Manoranjan Bhattacharya (1903–1939 in Faridpur), wrote Bengali children's literature.

==Early life==

Manoranjan studied in Hindu School & Presidency College, Calcutta. He earned a first-class first in Economics and Political Science followed by an M.A. & B.L. Degree. He served as a professor at Ripon College, Calcutta.

==Literary works==

Manoranjan was a very special student from his very early childhood. He mastered Sanskrit Panini Grammar at an early age at his village School at Faridpur (now in Bangladesh) learning on his own. The Sanskrit College, Calcutta, in those days, used to hold Debate Competition on different subjects, depending on age and study-levels from Schools and Colleges boys. The main condition of the competition was that the students will have to speak strictly in Sanskrit only. The lowest category was "All Bengal Class-X" . While studying in Class VIII Manoranjan had a strong desire to join this debate competition at All Bengal Class-X level. He approached the Head Master of his School (Krishnanagar Collegiate School) to nominate his name as a competitor.
The head Master was very much doubtful looking at Manoranjan's age. But after long persuasion, Manoranjan managed to get an approval and an invitation from the Sanskrit College authority to take part in the competition, finally winning it.

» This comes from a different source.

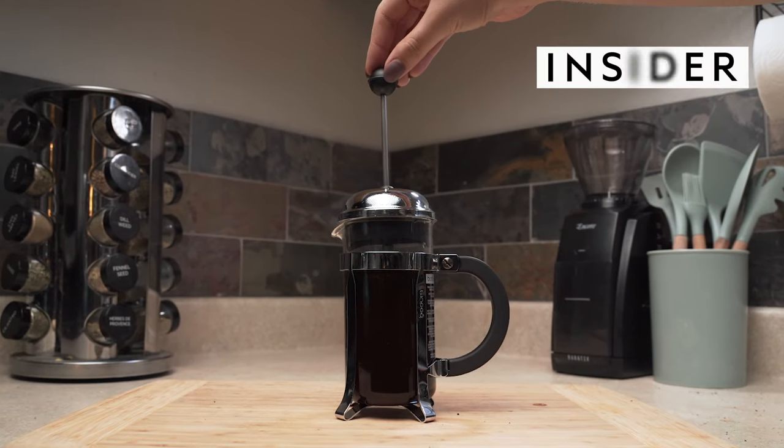If you want rich, full-bodied coffee at home, you should use a French press. Here's how to use one.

As a student, Manoranjan contributed poems to various magazines. He switched to literature for youngsters after Ramdhanu was born (1928).

His father, District Magistrate Bishweshwar Bhattacharya, founded the teen periodical, Ramdhanu ('The Rainbow'). For eight years until his untimely demise, he took over editorship from Bishweshwar. His teen detective fiction, starring the Japanese sleuth Hukakasi, deviated from the prevalent sensational, melodramatic style, and was admired by the likes of Premendra Mitra and Satyajit Ray.

Manoranjan filled the pages of Ramdhanu with school stories, humorous tales, poems and informative articles. He penned a series of humorous pseudo-mythological sketches, later labelled Nutan Puraan. Other story anthologies include Chaayer Dhnowaa, Haashyo O Rahashyo, Apriloshyo Prothom Dibawshey (co-authored with Shibram Chakraborty). His major works, including three Hukakashi novels and five short stories, a translation of The Channings were anthologized in Manoranjan Bhattacharya's Chhotoder Omnibus.

Author and younger brother Kshitindranarayan followed him as editor of Ramdhanu.